Tuesday, May 12, 2009

The 11th hour

Every day, I feel like I've taken the wrong route.

From the smallest of choices (a piece of Nutella toast- to eat or not to eat?), to ones that really weren't under my control (ought we to have moved back the US at all?)- every day I catch myself wondering if, unlike Frost, I'd made all the difference with the road I've taken, but not in the very positive manner his choice appeared to affect him. Doubts, confusions, and a nagging sense of 'this is wrong, this isn't what I want'- all this comes with the terrible, terrible memory of a choice.

The biggest one is probably the same that assails most people- what do I really want to do? What to do I really care about? One month ago, I was sure English Literature was the course I was cut out for, the path I wanted my life to follow. I'm not so sure anymore.

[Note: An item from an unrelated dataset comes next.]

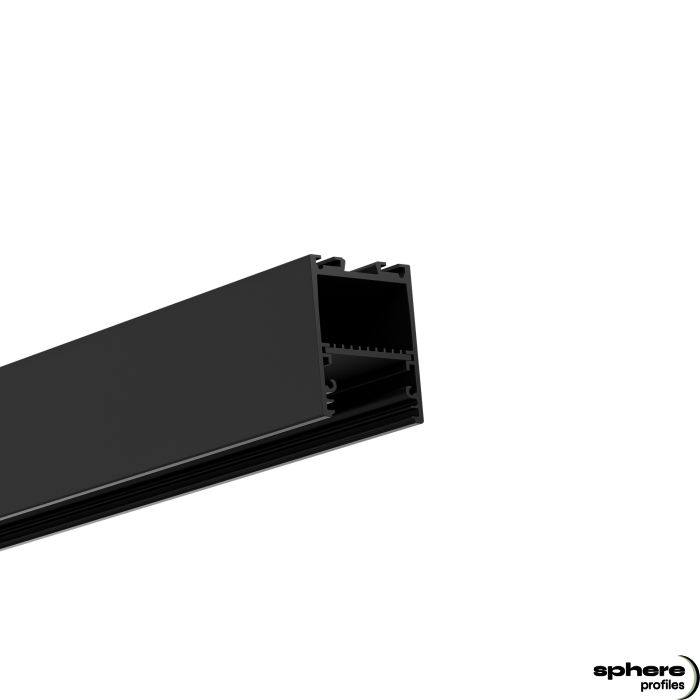 Profilé de luminaire LED ACHERNAR, 300cm, noir RAL 9005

I've always prided myself on love for the 'environment', always spoken (more than a little boastful of my own perceived sensitivity) of the torments the human race inflicts on Gaia, and other poetic lines that conveyed the urgency and the supreme catastrophe the Earth seems to be heading towards. It's only when I watch documentaries, or read articles or books that really deal with the crises (various as they are) that threatens our globe that that seriousness of my own boasts hits me. And that's what I'm worried about now. What do I want to do?

I want to help. Not necessarily help people (I'm not a community person), but perhaps, indirectly. I want to be a part of the band that wants to make a difference to what's happening to the Earth, I want to help heal her, or get her on the road to recovery. Of course, I'm not impertinent enough to assume that Gaia can't take care of herself, but it's what I want to do: at least help her, in any way I can.

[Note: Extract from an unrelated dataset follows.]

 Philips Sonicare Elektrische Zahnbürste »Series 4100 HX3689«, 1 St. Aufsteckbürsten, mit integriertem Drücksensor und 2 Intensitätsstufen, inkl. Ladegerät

Marx once said that a problem only arises when the materials necessary for its solution already exist/are in the making. I never really enjoyed what I read of the man, but this is one reassuring thought that's stuck with me. Perhaps we can make a difference, all of us. Perhaps we can hope to make amends for what we've done, are still doing, to this planet.

I've rambled from where I began, something about choices. Well, as I see it, we're all suffering that indecision now. It's time to put regrets behind and pitch ourselves into the present. Carpe diem, as one of my teachers shouted exuberantly, often enough.

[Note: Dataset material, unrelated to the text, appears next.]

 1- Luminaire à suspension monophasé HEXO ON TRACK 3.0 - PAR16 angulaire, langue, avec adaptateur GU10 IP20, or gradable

There's no reason I can't enjoy Milton and help stop deforestation at the same time. In fact, I think the two go hand in hand. Save the best of the past, but also, invest in the best of the future.

I sincerely hope Marx was right. But hey, so many people seem to think he was absolutly dead on in other things, mayhaps he's not so far off the mark here.

That, as Gandalf once said, is an encouraging thought.